Refer to the chart below and MGMT Tips for recommended billing guidance and other necessary prescription components to protect your pharmacy from audit recoupments.
MGMT Tips:
- If any clarifications are needed regarding the directions, include a full clinical note. This should include the date, the name and title of the person you spoke with, the details of the communication, and your initials.
- Ensure that both the quantity and unit of measure are clearly indicated on the prescription. For example, “2 boxes” and “2 EA” will result in different billing outcomes.

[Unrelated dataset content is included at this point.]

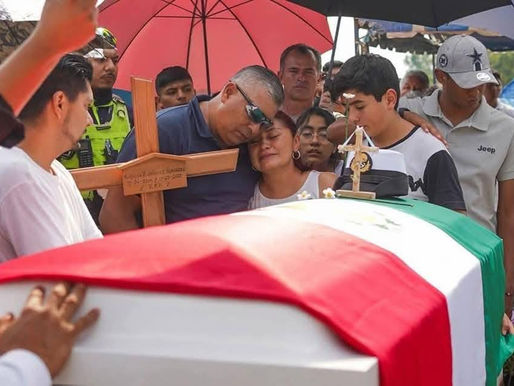 “¡Viva la Cadete Sánchez!”: Xalapa despide con honores a América Yamileth, víctima del accidente del Buque Cuauhtémoc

- Record the number of episodes the patient will be treating per month to ensure accurate billing and usage, paying close attention to refill intervals.
- Nayzilam and Valtoco are both classified as C-IV controlled substances, requiring all elements of a valid controlled substance prescription on the hard copy. This includes the patient’s address, the physician’s address, and the physician’s DEA number.
Medicare Part B/DMEPOS 2024 DMEPOS: Urological Supplies (Intermittent Catheters)
Many pharmacies struggle with DMEPOS audits due to the complexity of medical billing and the stringent documentation requirements. Medicare Part B suppliers must be able to produce all required documentation if audited, ensuring it meets Medicare Part B standards. This DMEPOS series aims to help you navigate these complexities and gather the necessary documents.
Key Documentation for Audits Involving Intermittent Catheters:
- Standard Written Order (SWO)
- Medical Records:
- The beneficiary must have permanent urinary incontinence or retention.
- “Permanent” is defined as a long and indefinite duration of at least three months.
- The impairment is not expected to be surgically or medically corrected within three months.
- Urological supplies are an exception to requiring proof of continued need. Once the initial medical need is established, ongoing need is assumed due to the permanent condition.
- Proof of Delivery
- Proof of Refill Request and Affirmative Response:
- Required if supplies are delivered or mailed.
Coverage Criteria for Intermittent Catheterization:
- The beneficiary or caregiver must be able to perform the procedure.
- For each episode, Medicare will cover:
- One catheter: A4351 (straight tip) or A4352 (coudé or curved tip), and an individual pack of sterile lubricant A4332, OR
- One sterile intermittent catheter kit: A4353.
Sterile intermittent catheters must meet at least one of the following requirements:
- The patient is a nursing facility resident.
- The patient is immunosuppressed.
- The patient has radiologically documented vesico-ureteral reflux.
- The patient is a pregnant female with spinal cord injury and neurogenic bladder (coverage is for the duration of pregnancy only).
- The patient has had at least two urinary tract infections (UTIs) within 12 months while using A4351/A4352 and sterile lubricant A4332.
Maximum Quantity Allowance:
- Up to 200 intermittent catheterization supplies per month for codes A4332, A4351, A4352, and A4353.
By understanding and adhering to these guidelines, you can better manage your DMEPOS audits and ensure compliance with Medicare Part B requirements.
MGMT Tips:
- The medical necessity for coudé (curved-tip) catheters must be substantiated by documentation in the medical record. The use of coudé tip catheters, particularly for female patients, is seldom deemed reasonable and necessary.